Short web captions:
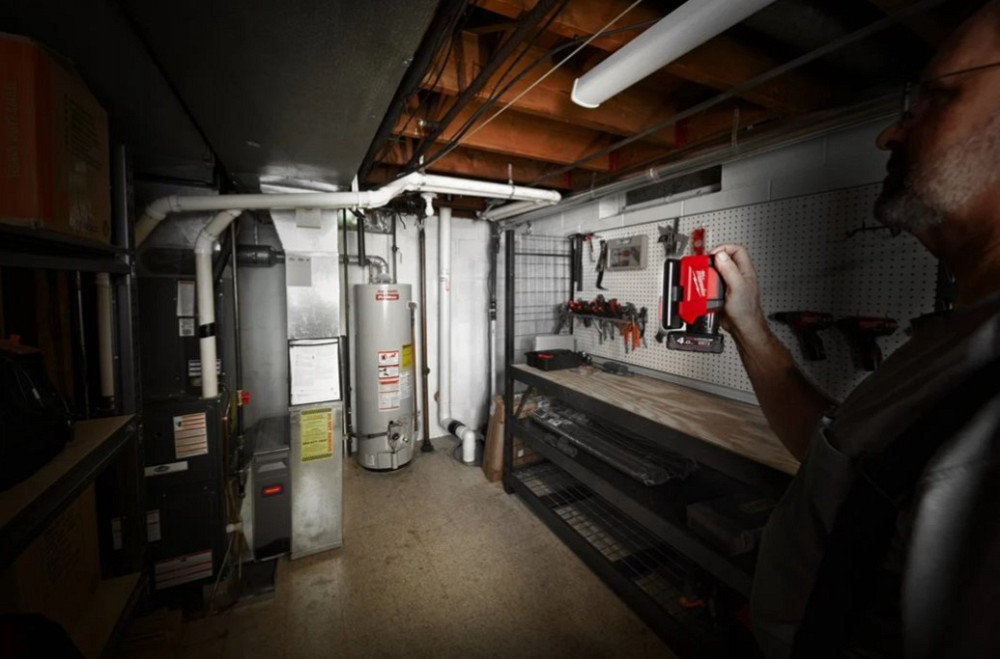 Ліхтар світлодіодний акумуляторний MILWAUKEE, M12 PAL-0 Одесса - изображение 3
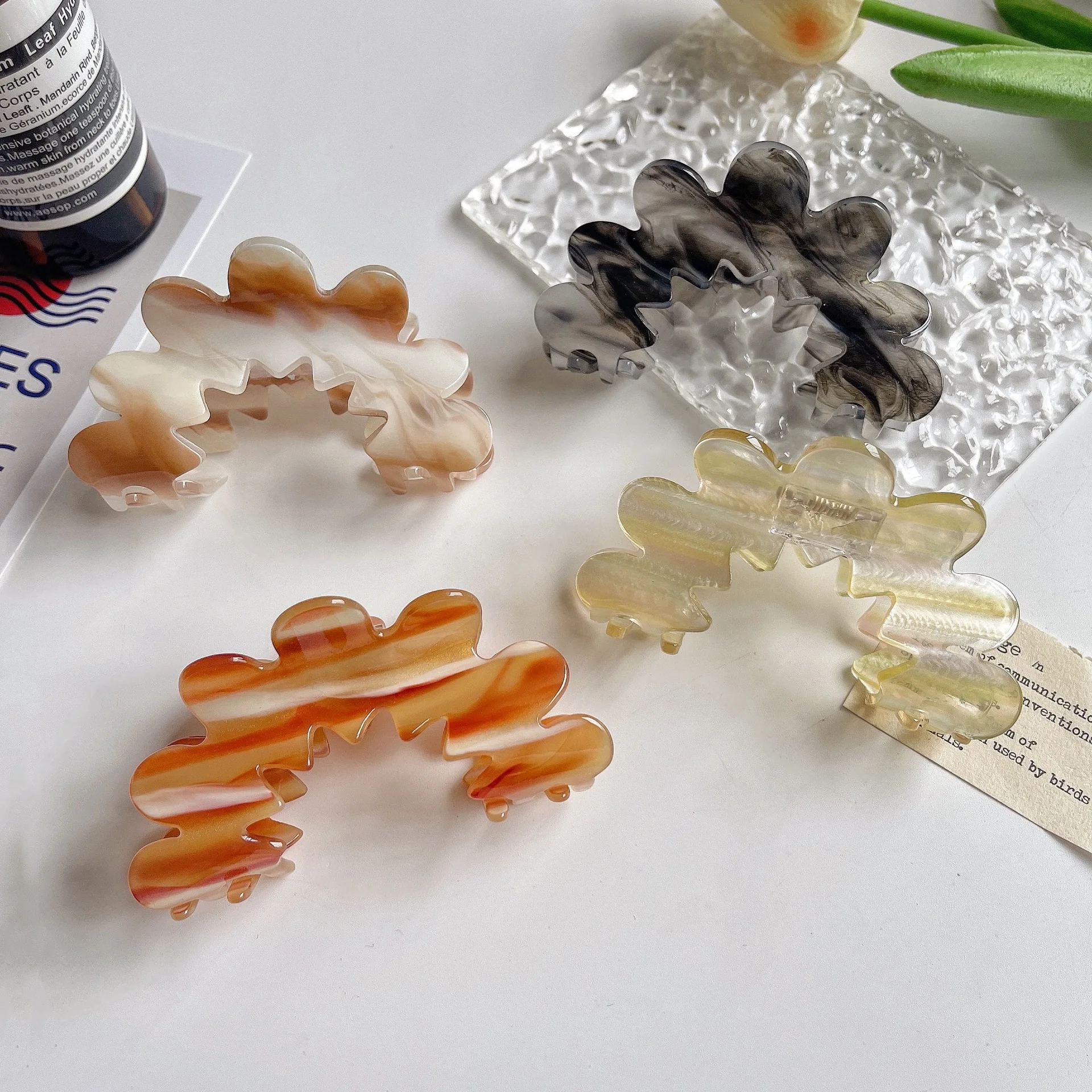 Best Selling Korean Ethnic Style Acrylic Hair Accessories Multi-Color Cute Flower Crystal Clip Hairgrip for Women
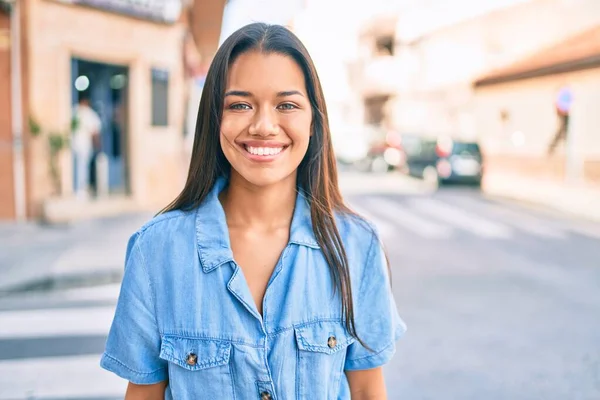 Joven Chica Latina Sonriendo Feliz Caminando Ciudad —  Fotos de Stock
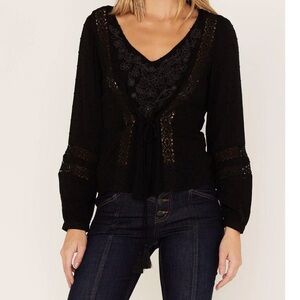 Idyllwind ROMANCE FLORAL EMBROIDERED SWISS DOT BLOUSE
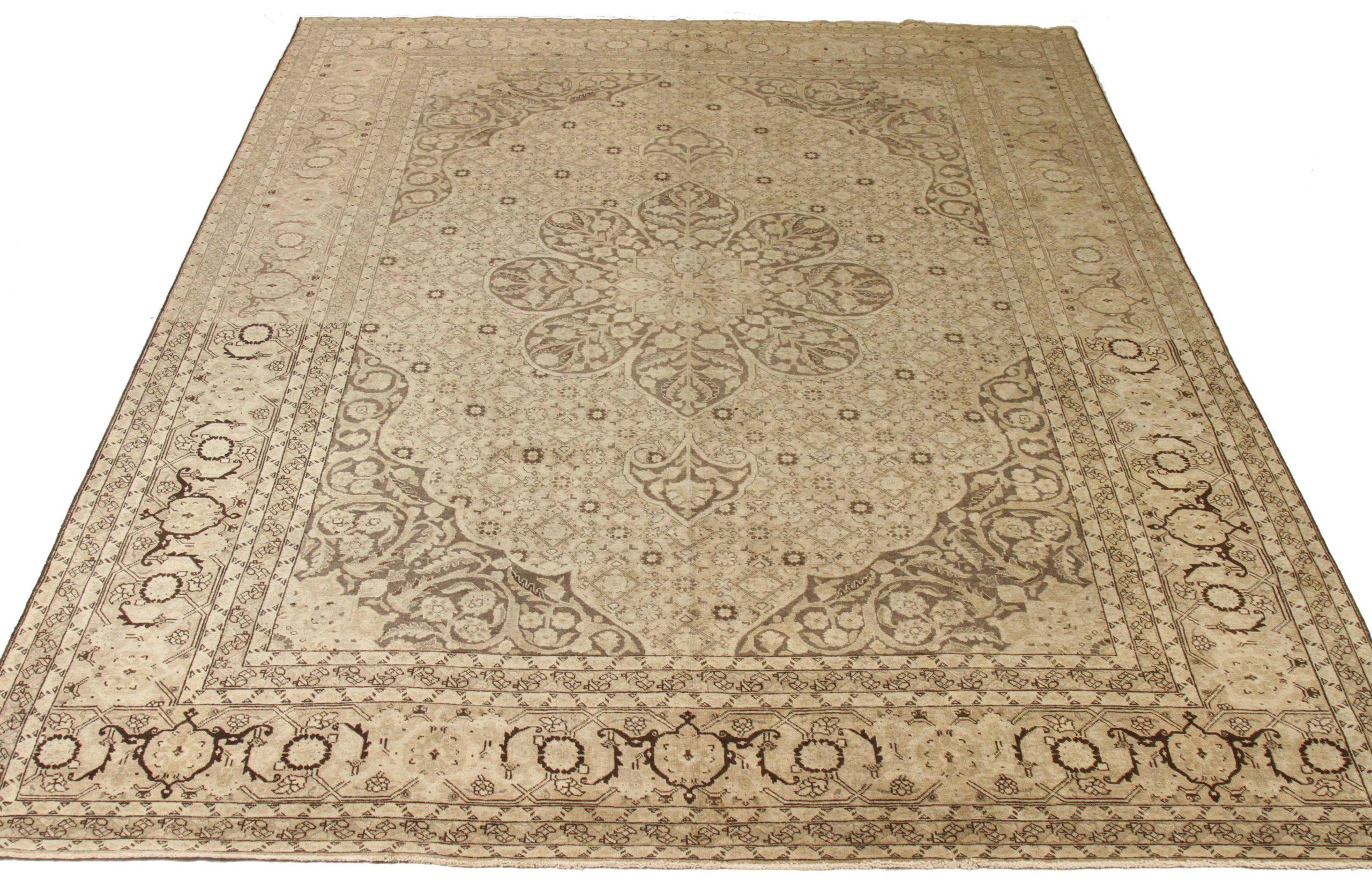 Scopri l'eleganza dei tappeti persiani Tabriz. Progettato con una meticolosa attenzione ai dettagli, questo design esclusivo è perfetto per valorizzare il tuo spazio.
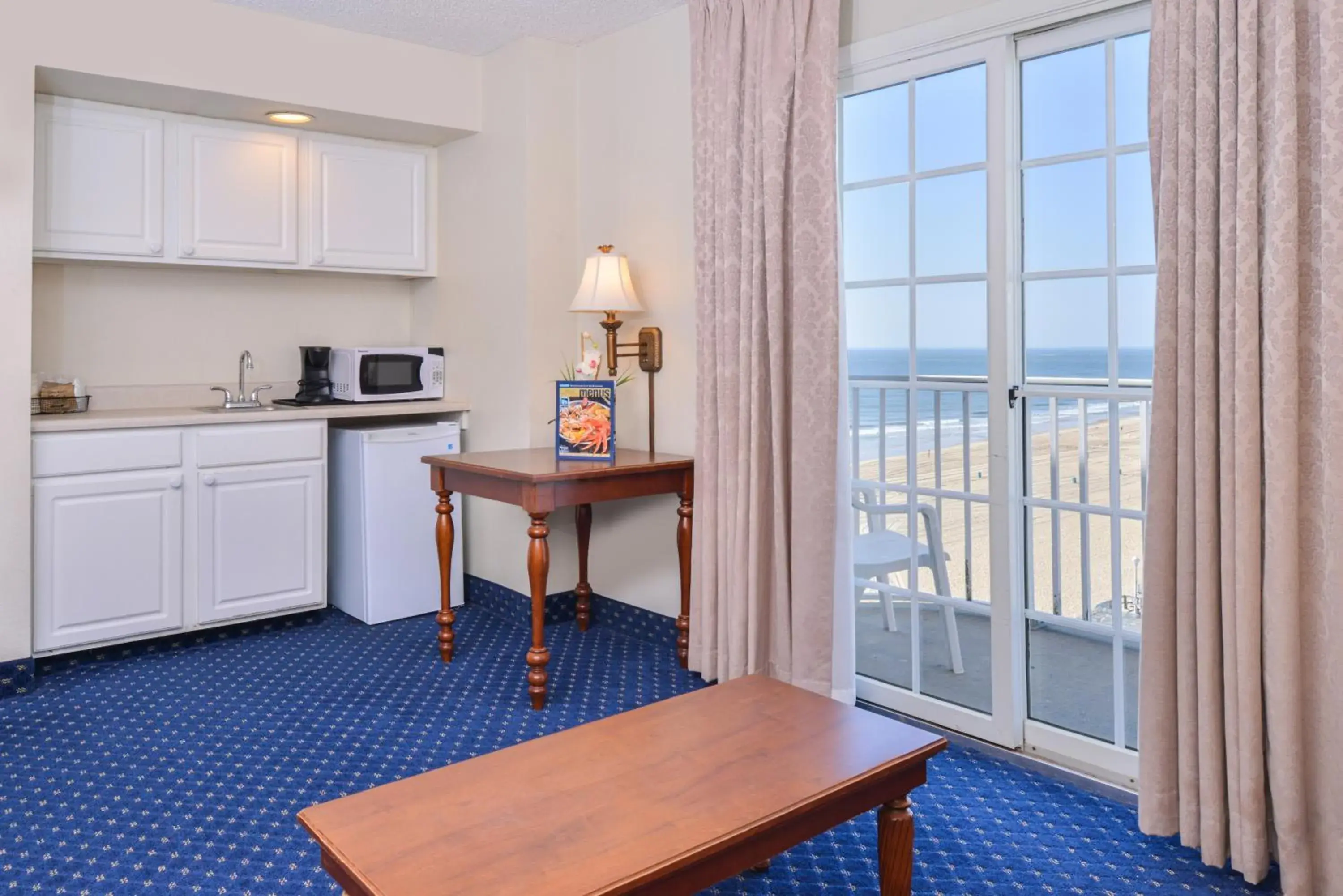 Living room, Kitchen/Kitchenette in Paradise Plaza Inn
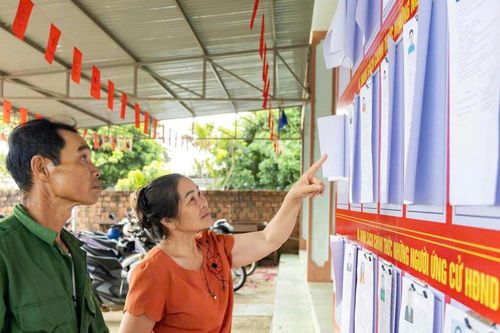 Hướng tới bầu cử đại biểu Quốc hội khóa XVI và HĐND các cấp nhiệm kỳ 2026-2031: Không khí rộn ràng ở vùng biên giới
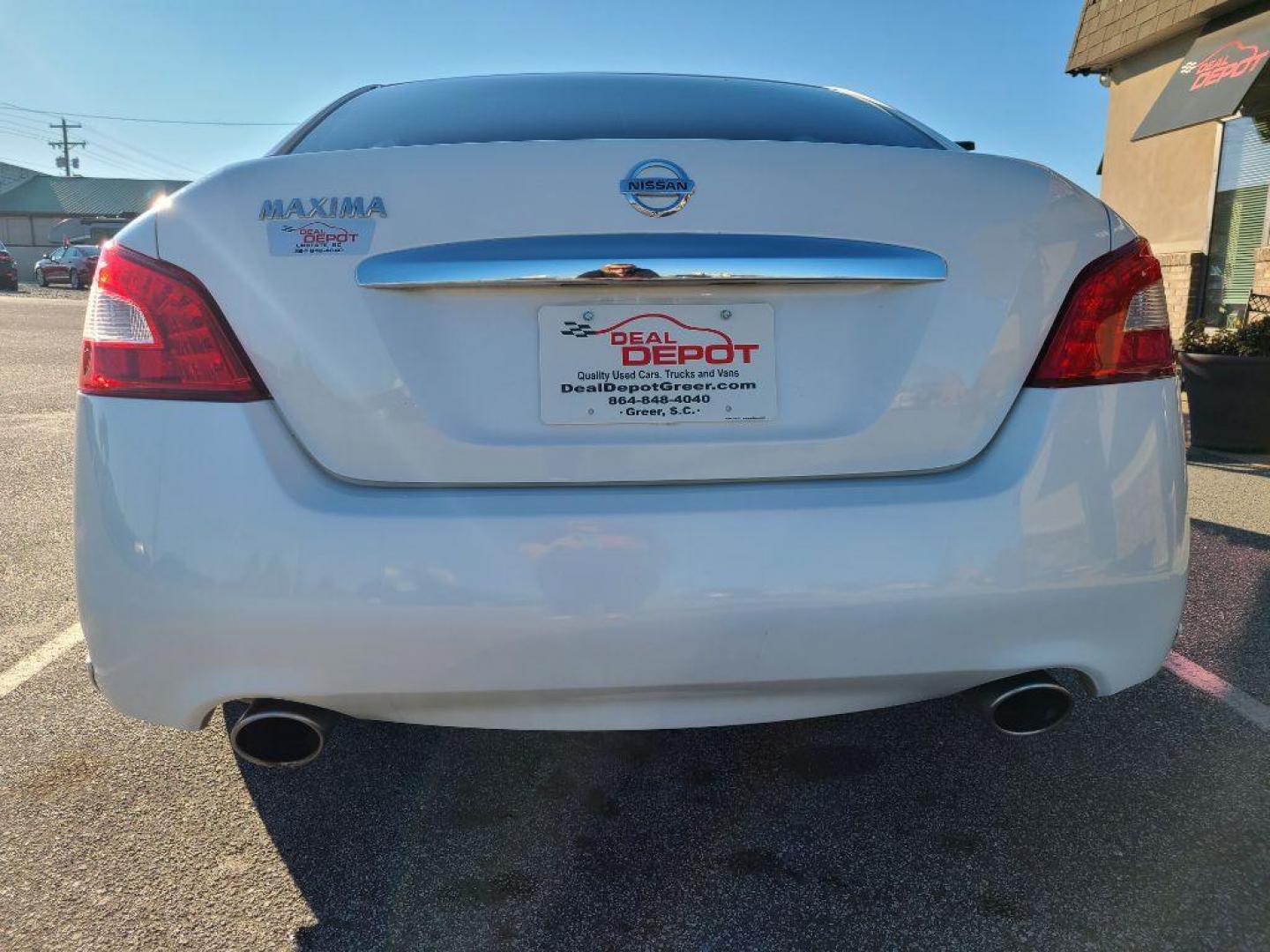 2011 WHITE NISSAN MAXIMA S (1N4AA5AP4BC) with an 3.5L engine, Automatic transmission, located at 13640 E Wade Hampton Blvd, Greer, SC, 29651, (864) 848-4040, 34.950825, -82.197464 - Photo#5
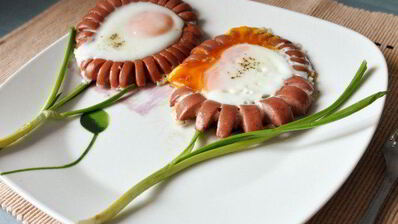 весенняя яичница с сосисками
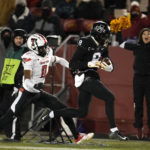 Texas Tech scores late touchdown to beat Iowa State 14-10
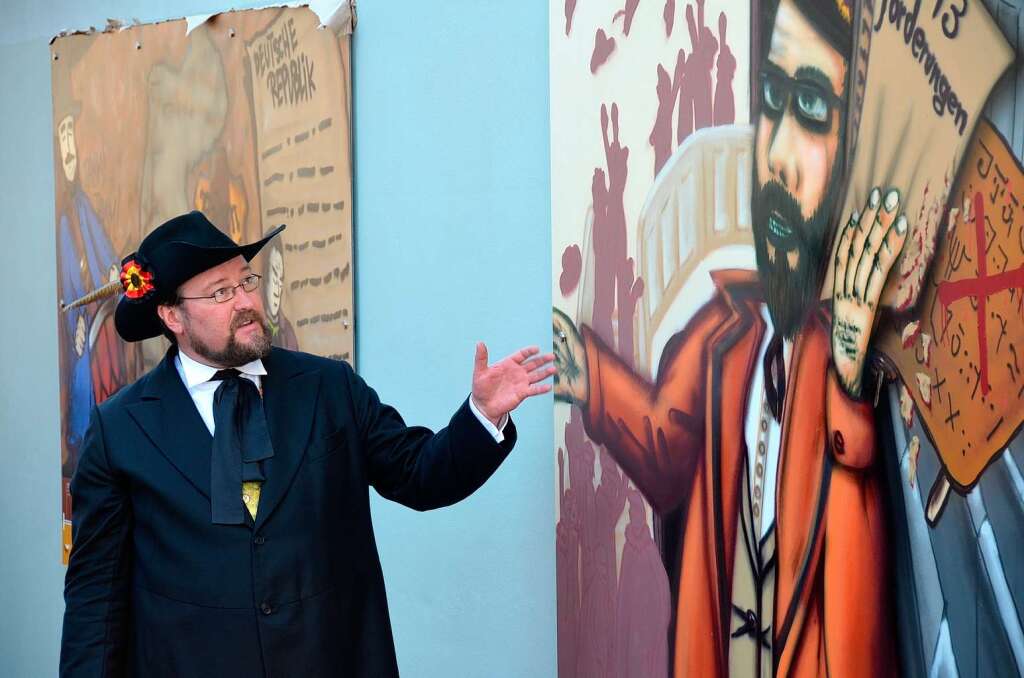 Kulturchef Simon Moser, Organisationschef des Offenburger Freiheitstages, mit neuen Graffiti  an der Wand des Salmen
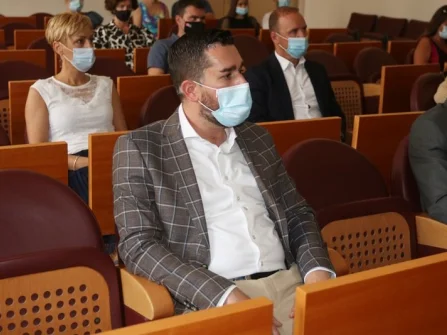 Opis slike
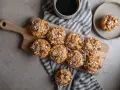Nybakade muffins med havre och mandel, en del av en allsidig kost. En kopp kaffe står bredvid.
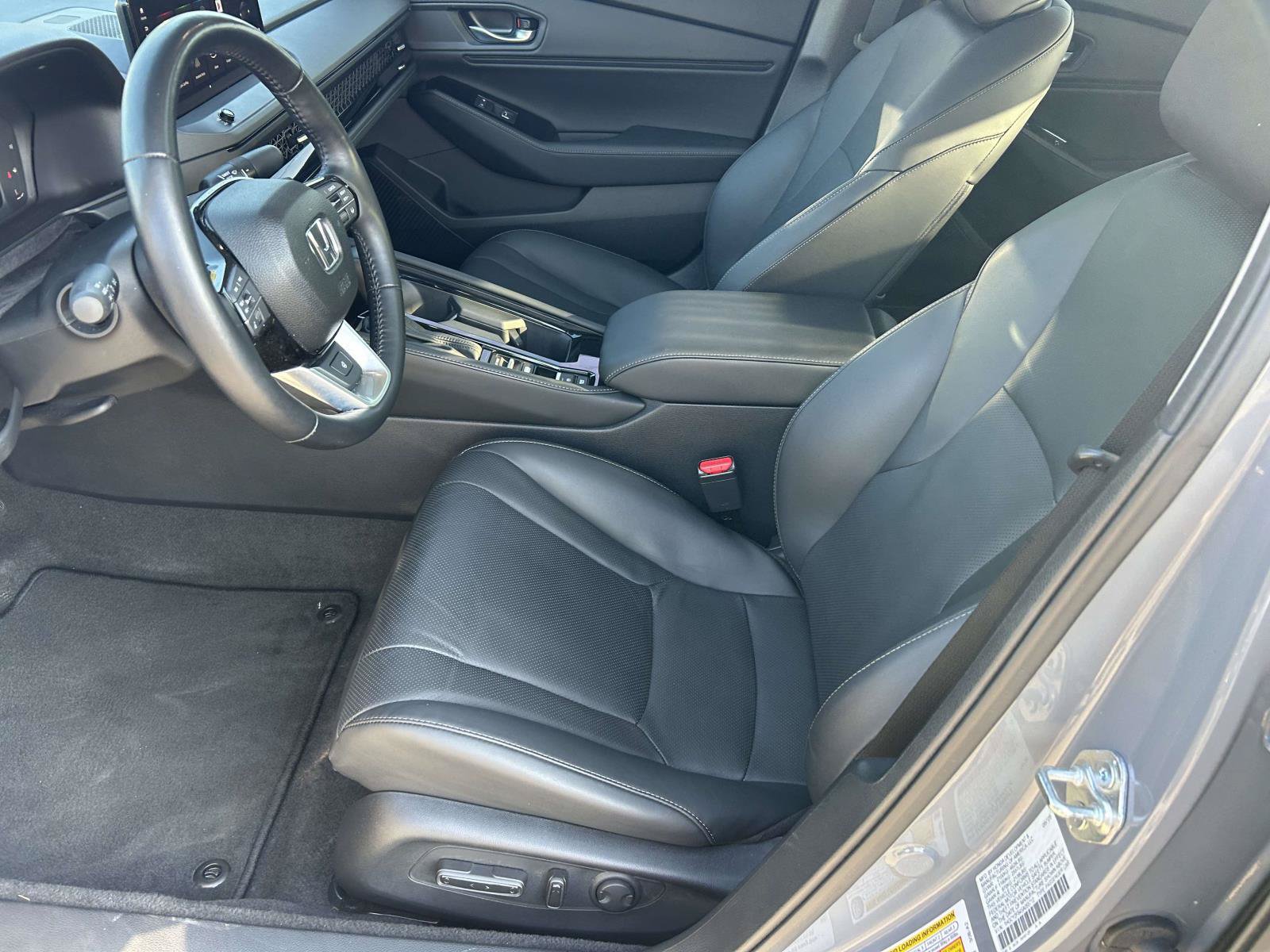Used 2025 Honda Accord Touring image 17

* TASK DETAILS
The answer must consist of the entries above, reproduced word for word, without any pictures.

* WRITTEN ANSWER
 Ліхтар світлодіодний акумуляторний MILWAUKEE, M12 PAL-0 Одесса - изображение 3
 Best Selling Korean Ethnic Style Acrylic Hair Accessories Multi-Color Cute Flower Crystal Clip Hairgrip for Women
 Joven Chica Latina Sonriendo Feliz Caminando Ciudad —  Fotos de Stock
 Idyllwind ROMANCE FLORAL EMBROIDERED SWISS DOT BLOUSE
 Scopri l'eleganza dei tappeti persiani Tabriz. Progettato con una meticolosa attenzione ai dettagli, questo design esclusivo è perfetto per valorizzare il tuo spazio.
 Living room, Kitchen/Kitchenette in Paradise Plaza Inn
 Hướng tới bầu cử đại biểu Quốc hội khóa XVI và HĐND các cấp nhiệm kỳ 2026-2031: Không khí rộn ràng ở vùng biên giới
 2011 WHITE NISSAN MAXIMA S (1N4AA5AP4BC) with an 3.5L engine, Automatic transmission, located at 13640 E Wade Hampton Blvd, Greer, SC, 29651, (864) 848-4040, 34.950825, -82.197464 - Photo#5
 весенняя яичница с сосисками
 Texas Tech scores late touchdown to beat Iowa State 14-10
 Kulturchef Simon Moser, Organisationschef des Offenburger Freiheitstages, mit neuen Graffiti  an der Wand des Salmen
 Opis slike
Nybakade muffins med havre och mandel, en del av en allsidig kost. En kopp kaffe står bredvid.
Used 2025 Honda Accord Touring image 17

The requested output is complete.